** Source records **
════════════════

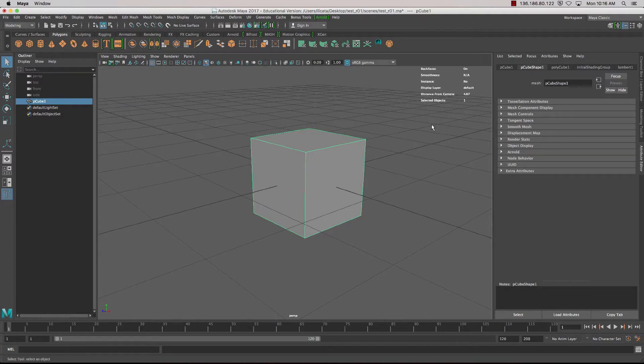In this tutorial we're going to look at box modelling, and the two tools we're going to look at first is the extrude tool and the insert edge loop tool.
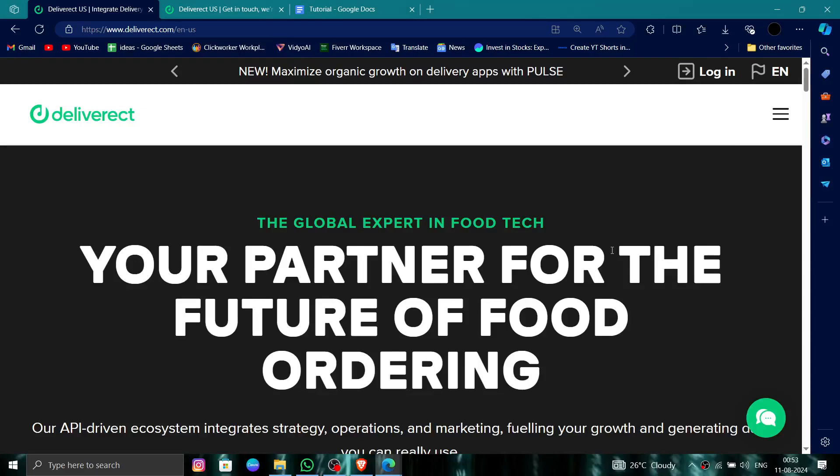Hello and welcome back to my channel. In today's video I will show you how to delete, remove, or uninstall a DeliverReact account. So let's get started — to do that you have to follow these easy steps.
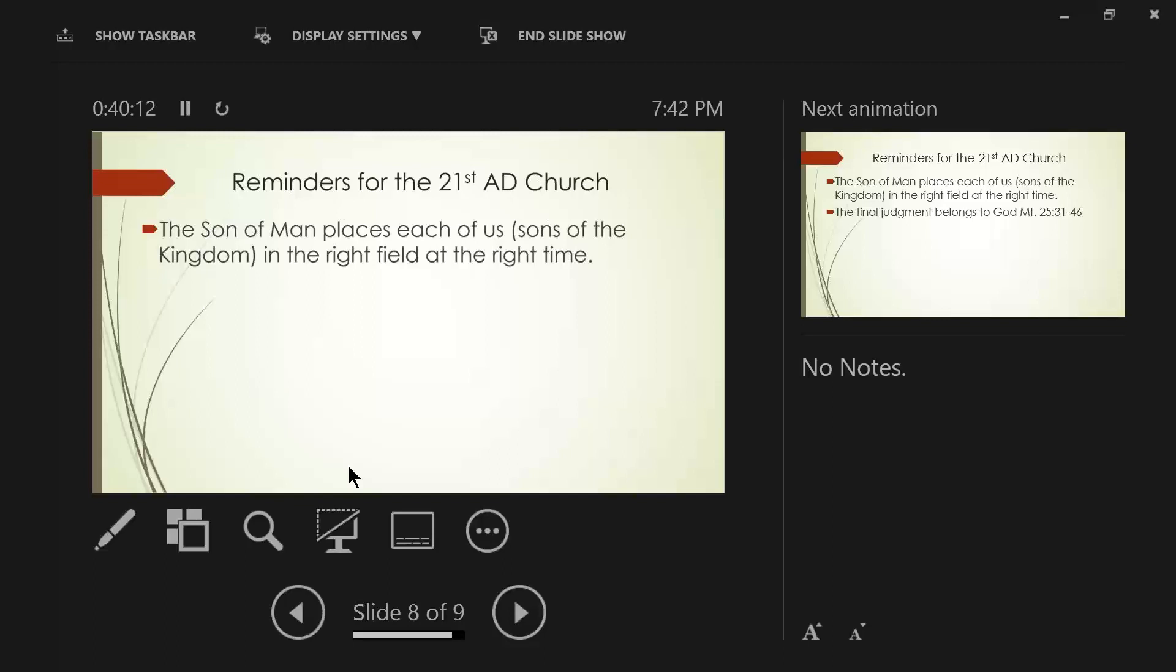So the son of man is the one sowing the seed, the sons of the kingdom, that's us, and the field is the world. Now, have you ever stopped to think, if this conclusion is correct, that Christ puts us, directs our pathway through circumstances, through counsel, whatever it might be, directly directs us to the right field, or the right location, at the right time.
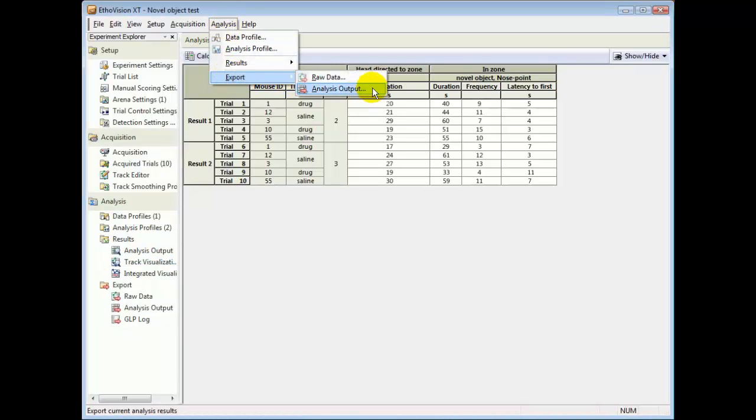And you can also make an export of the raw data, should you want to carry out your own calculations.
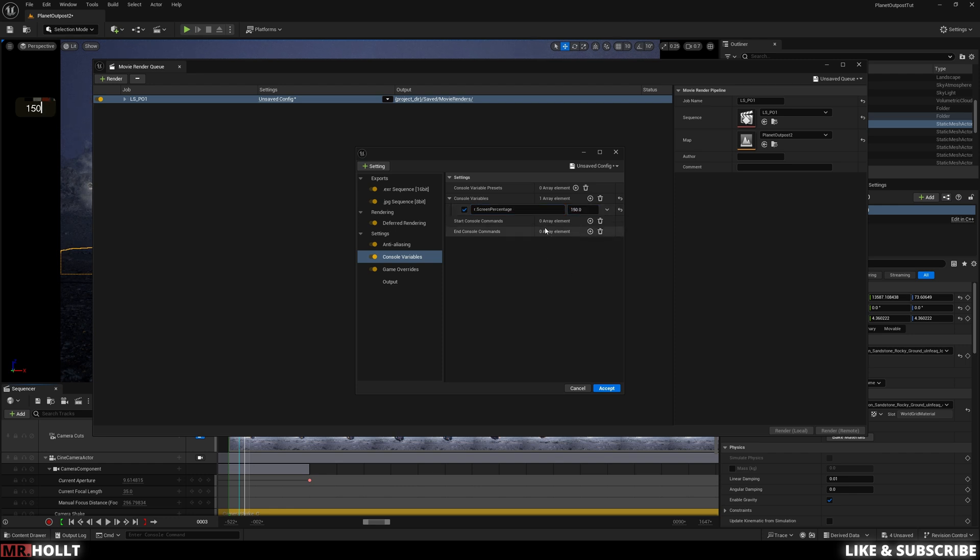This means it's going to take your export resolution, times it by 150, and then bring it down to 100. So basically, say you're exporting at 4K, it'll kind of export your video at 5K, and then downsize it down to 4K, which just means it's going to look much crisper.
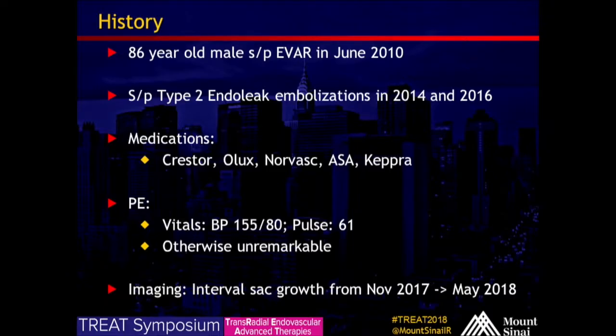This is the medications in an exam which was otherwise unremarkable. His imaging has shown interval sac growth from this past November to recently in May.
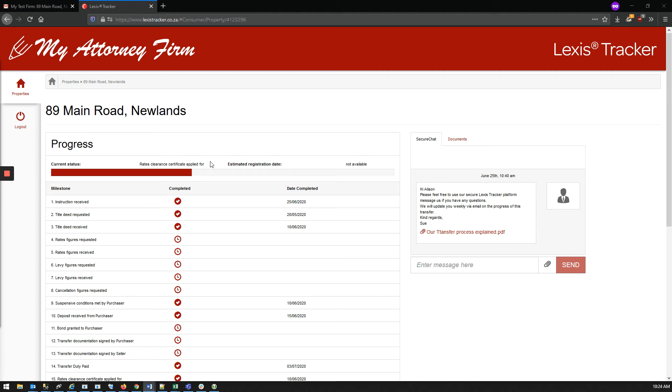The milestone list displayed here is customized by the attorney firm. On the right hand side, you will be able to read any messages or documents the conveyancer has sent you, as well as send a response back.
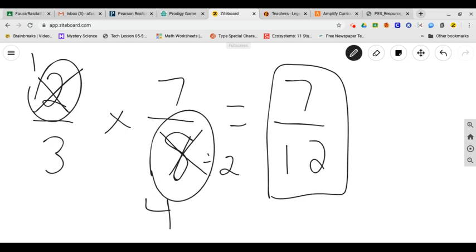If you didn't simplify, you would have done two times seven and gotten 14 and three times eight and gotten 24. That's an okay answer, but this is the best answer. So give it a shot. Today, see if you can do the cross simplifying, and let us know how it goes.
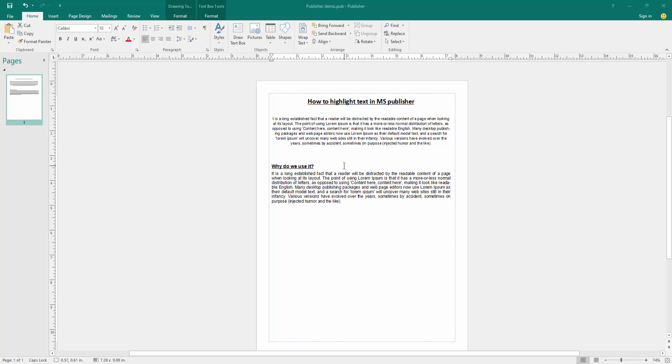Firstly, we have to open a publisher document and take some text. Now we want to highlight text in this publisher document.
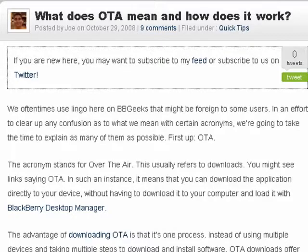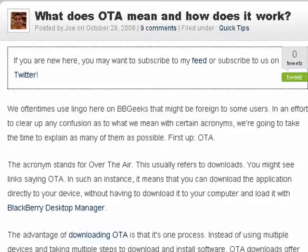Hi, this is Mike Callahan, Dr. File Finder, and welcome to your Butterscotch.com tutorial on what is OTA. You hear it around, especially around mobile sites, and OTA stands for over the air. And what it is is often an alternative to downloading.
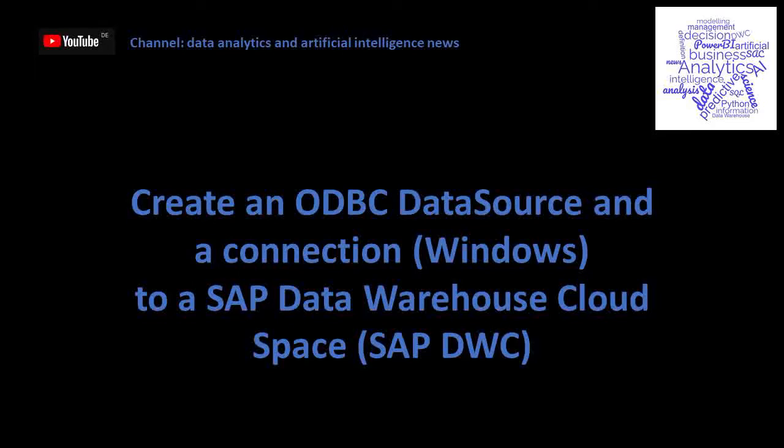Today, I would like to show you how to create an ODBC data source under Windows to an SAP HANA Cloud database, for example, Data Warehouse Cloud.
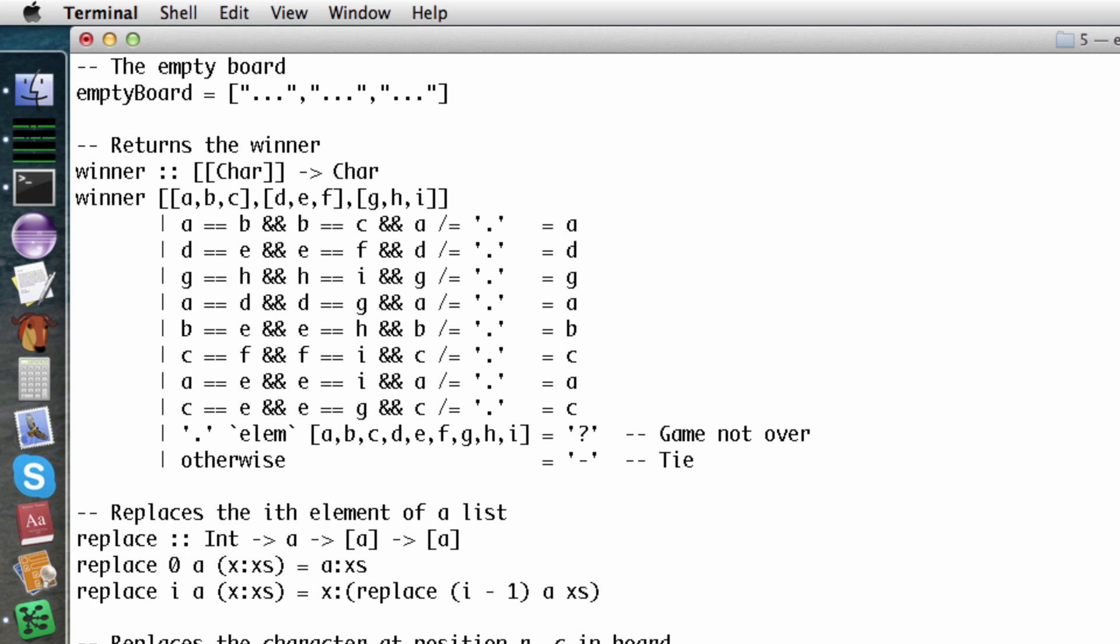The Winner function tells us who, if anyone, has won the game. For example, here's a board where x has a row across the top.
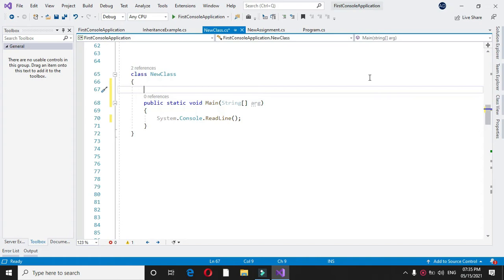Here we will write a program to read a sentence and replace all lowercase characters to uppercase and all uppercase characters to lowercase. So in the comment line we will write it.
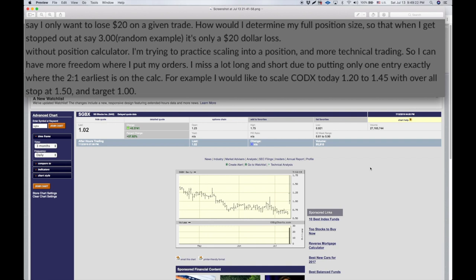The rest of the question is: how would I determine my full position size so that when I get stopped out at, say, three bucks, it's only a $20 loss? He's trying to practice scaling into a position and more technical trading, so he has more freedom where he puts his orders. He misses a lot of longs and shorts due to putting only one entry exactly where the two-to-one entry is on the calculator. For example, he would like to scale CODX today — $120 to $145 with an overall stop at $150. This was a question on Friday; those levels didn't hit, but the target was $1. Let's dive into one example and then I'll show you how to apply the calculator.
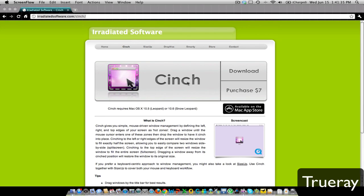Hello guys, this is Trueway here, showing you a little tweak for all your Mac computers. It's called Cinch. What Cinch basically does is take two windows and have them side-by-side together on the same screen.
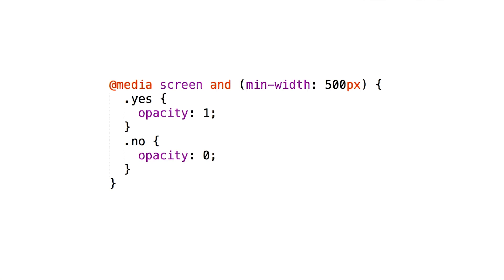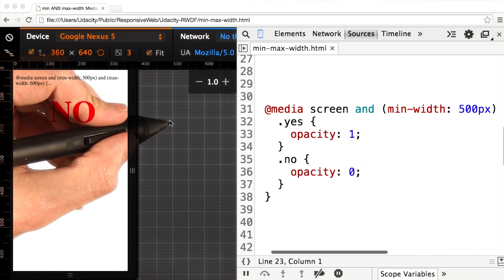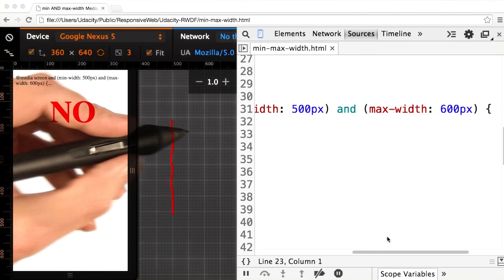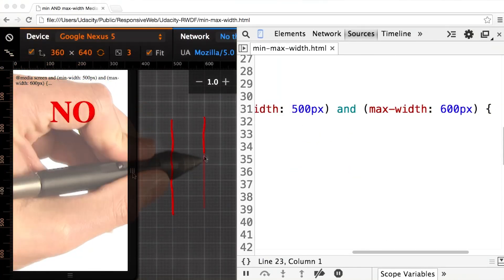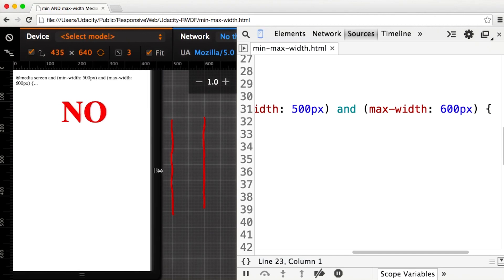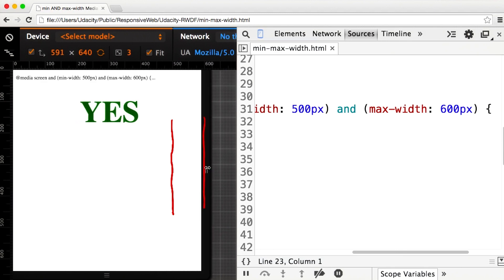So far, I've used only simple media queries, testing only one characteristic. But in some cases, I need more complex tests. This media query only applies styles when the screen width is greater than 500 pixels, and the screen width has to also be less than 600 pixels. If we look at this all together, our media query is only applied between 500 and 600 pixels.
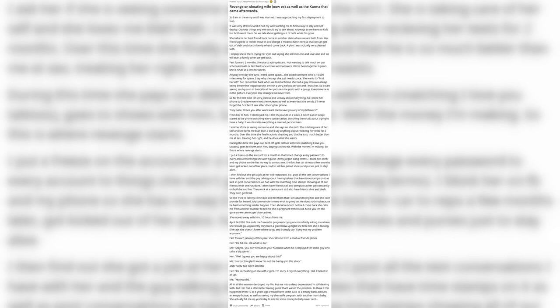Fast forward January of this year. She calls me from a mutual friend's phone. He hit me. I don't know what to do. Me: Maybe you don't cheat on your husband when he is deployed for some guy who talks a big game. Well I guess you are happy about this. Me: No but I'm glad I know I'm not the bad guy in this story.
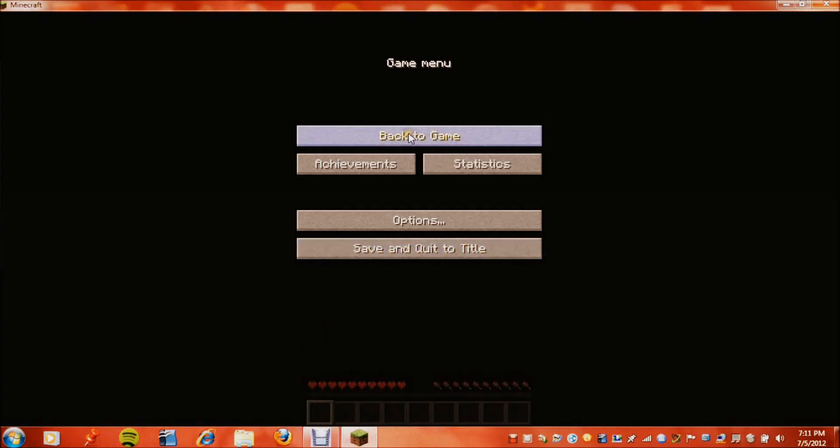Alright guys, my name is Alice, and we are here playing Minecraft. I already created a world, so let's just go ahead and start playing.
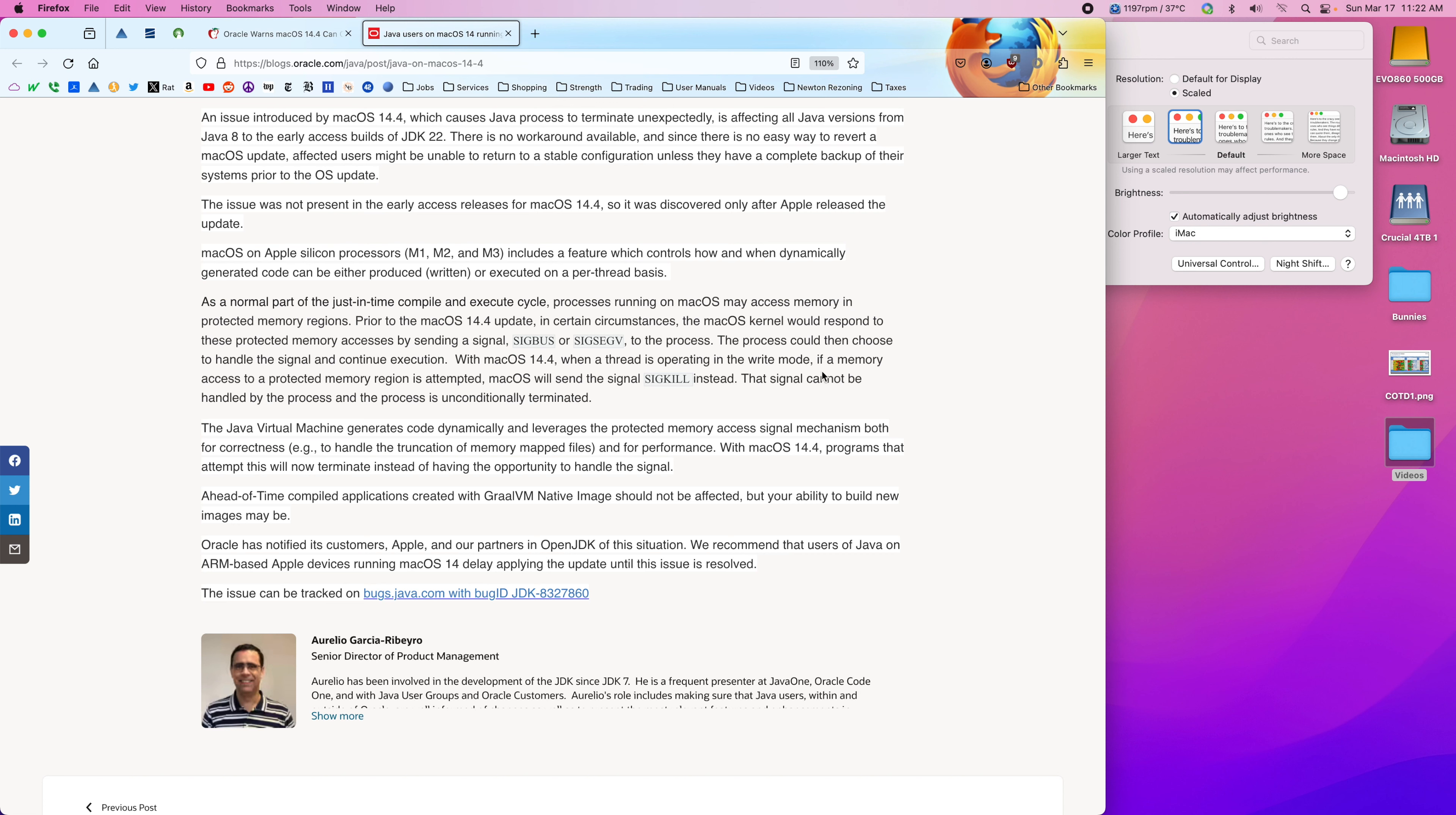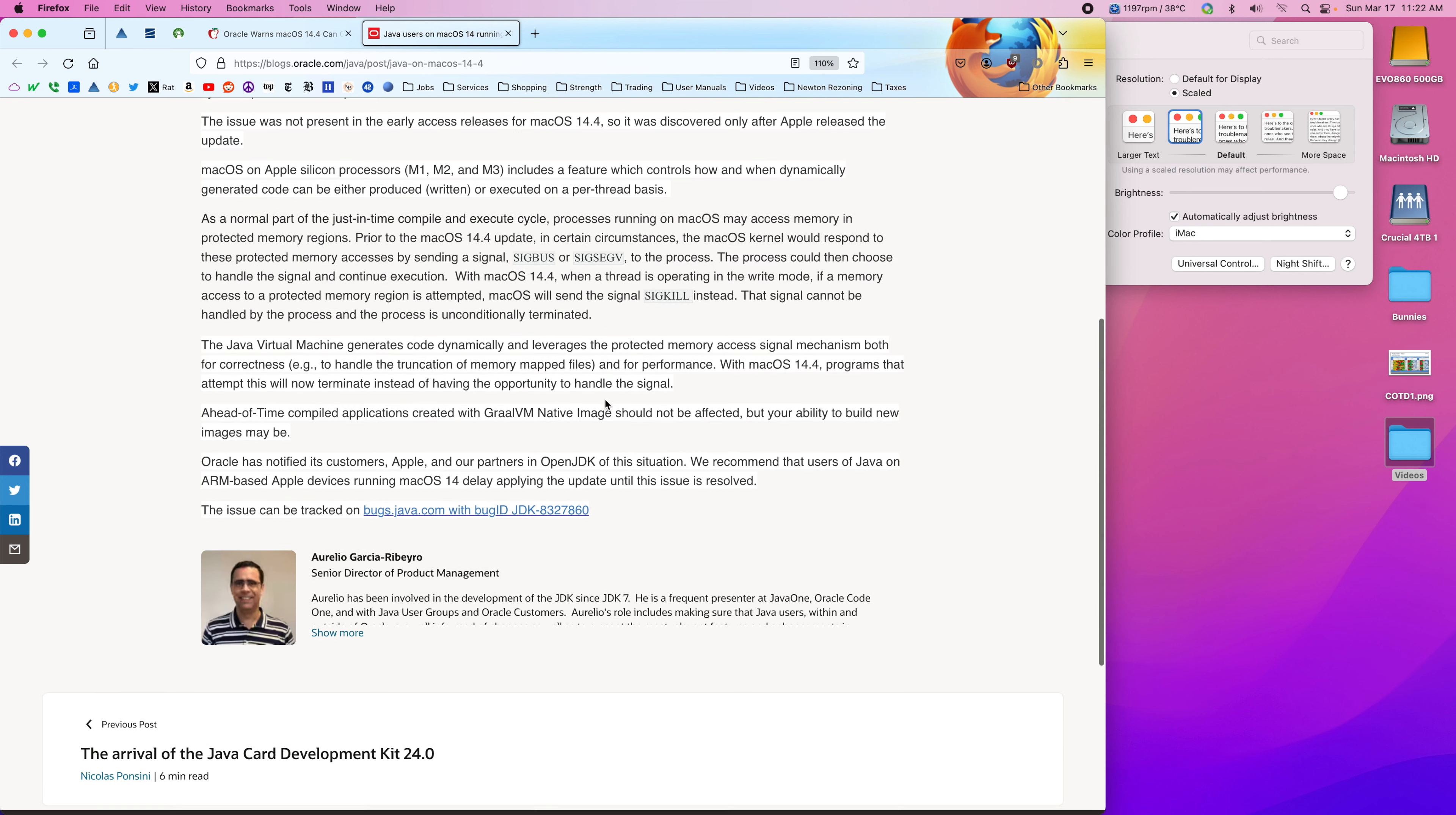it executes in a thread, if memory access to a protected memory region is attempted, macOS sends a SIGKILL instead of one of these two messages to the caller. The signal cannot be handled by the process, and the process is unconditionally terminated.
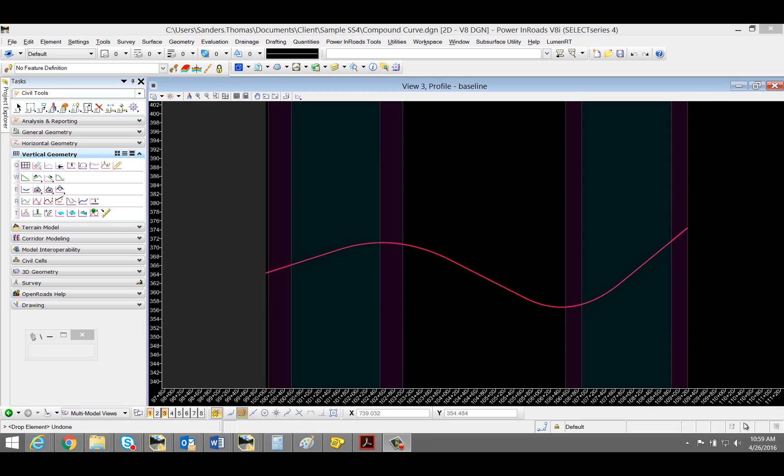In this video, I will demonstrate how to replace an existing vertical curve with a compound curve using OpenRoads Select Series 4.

════════════════

** Aim of the exercise **
Having found the line with "Alright guys, my" and the line with "it executes in" in the material above, write out exactly those two and every line between, leaving the pictures out.

** Exercise solution **
Alright guys, my name is Alice, and we are here playing Minecraft. I already created a world, so let's just go ahead and start playing.
it executes in a thread, if memory access to a protected memory region is attempted, macOS sends a SIGKILL instead of one of these two messages to the caller. The signal cannot be handled by the process, and the process is unconditionally terminated.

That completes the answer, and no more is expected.